- Aim of the task
Beginning with the line below that contains "zack thunder online" and ending with the line that contains "Image de All-season", retype every line exactly. Pictures are not copied.

- Input
┌──

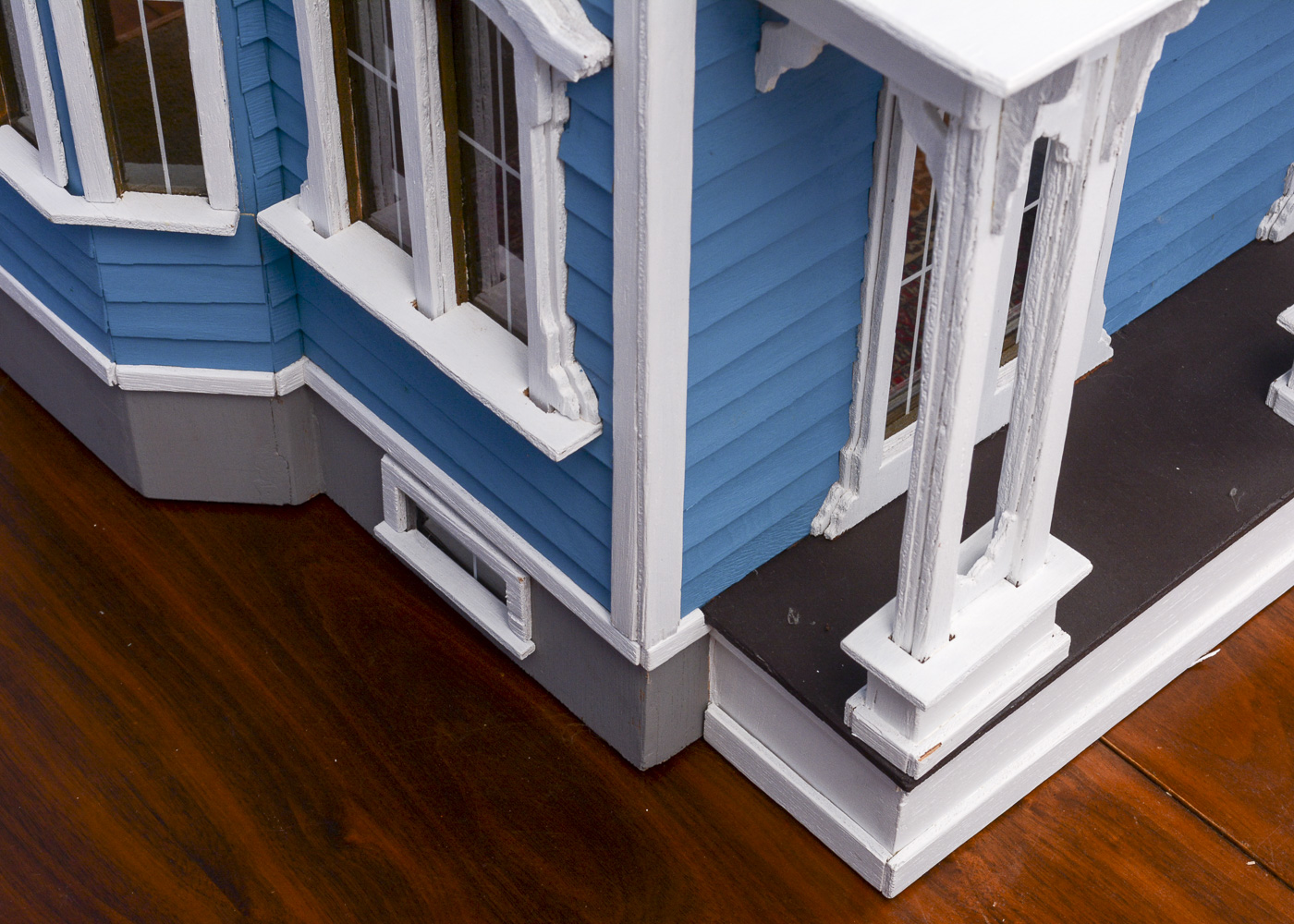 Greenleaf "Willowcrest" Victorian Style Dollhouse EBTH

└──
┌──

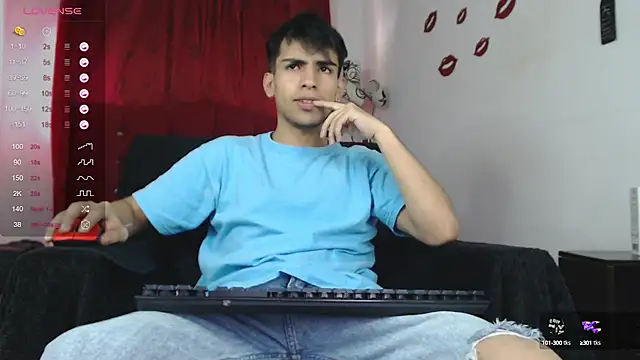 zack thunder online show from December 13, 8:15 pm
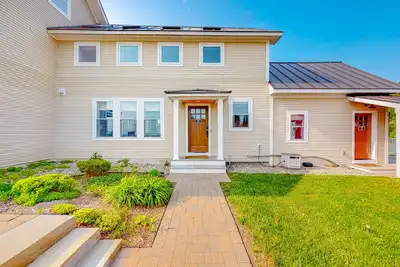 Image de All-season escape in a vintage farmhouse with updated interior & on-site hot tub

└──

- Response
 zack thunder online show from December 13, 8:15 pm
 Image de All-season escape in a vintage farmhouse with updated interior & on-site hot tub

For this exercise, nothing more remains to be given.